-- Supplied data --
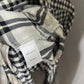 J.Jill 100% Cotton Gingham Tunic Top Sz-XL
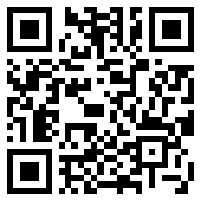 QR Code for XiSiQwkCYUM9C3gLc72EYTLCPSHzie4ErW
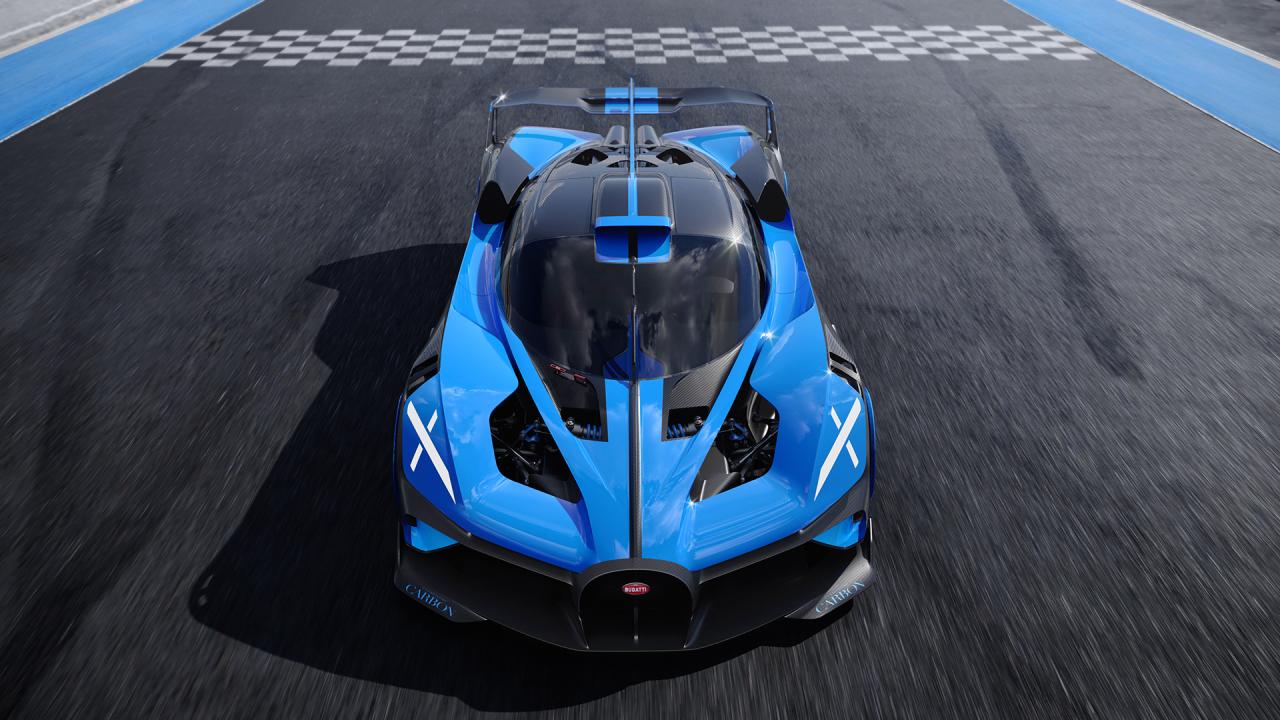 13_bolide_driving-1.jpg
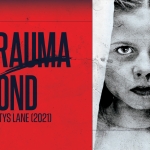 trauma-bond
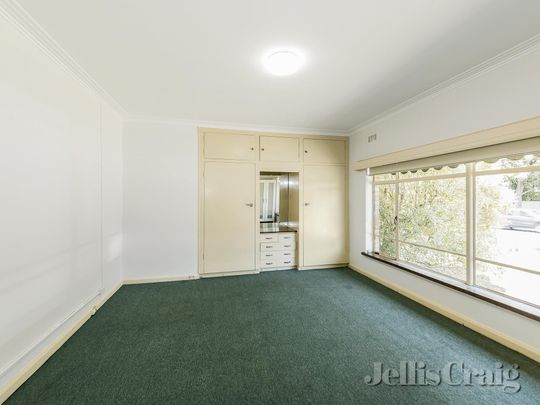 204 Jasper Road, Bentleigh - Photo 1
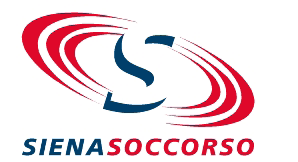 Siena Soccoro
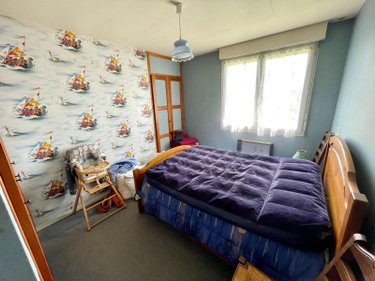 Maison a vendre Barby 08300 Ardennes 106 m2 5 pièces 178100 euros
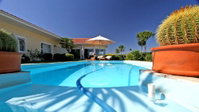Somerset Sights BB Tourism Africa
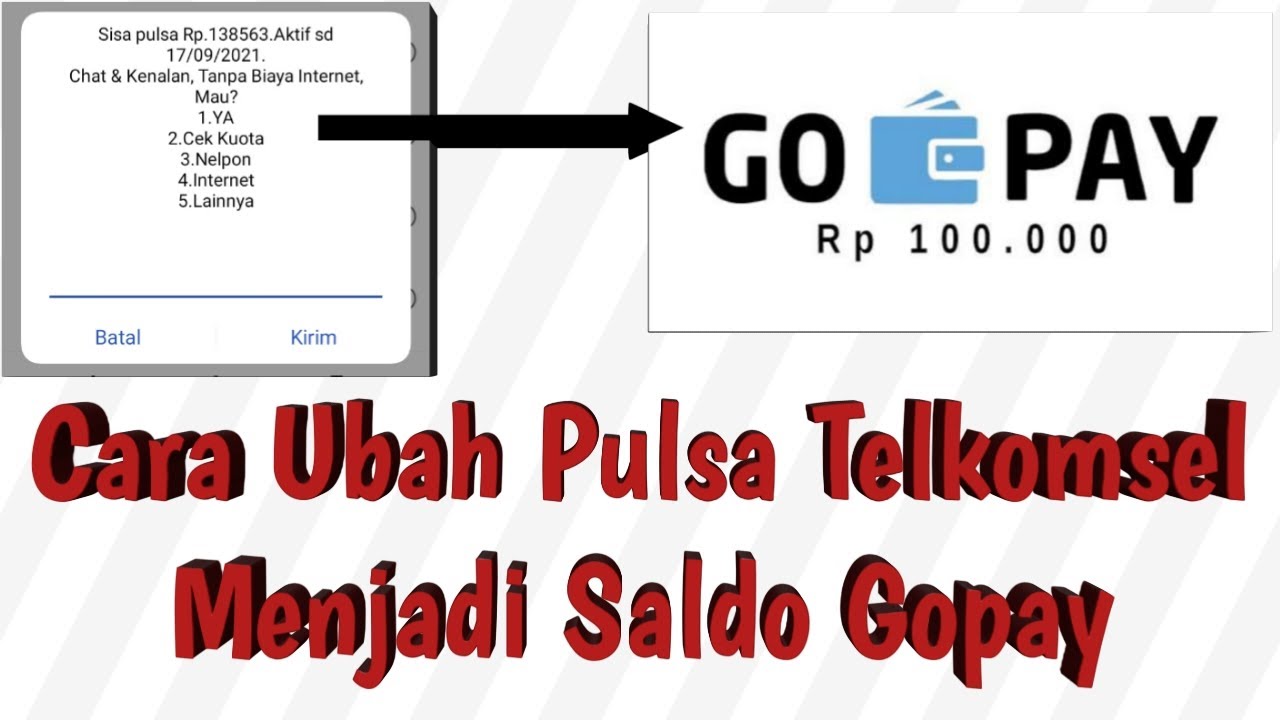 Detail Convert Pulsa Kaskus Nomer 30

-- What is expected --
Copy all of the records verbatim, omitting the pictures.

-- Result of this task --
 J.Jill 100% Cotton Gingham Tunic Top Sz-XL
 QR Code for XiSiQwkCYUM9C3gLc72EYTLCPSHzie4ErW
 13_bolide_driving-1.jpg
 trauma-bond
 204 Jasper Road, Bentleigh - Photo 1
 Siena Soccoro
 Maison a vendre Barby 08300 Ardennes 106 m2 5 pièces 178100 euros
Somerset Sights BB Tourism Africa
 Detail Convert Pulsa Kaskus Nomer 30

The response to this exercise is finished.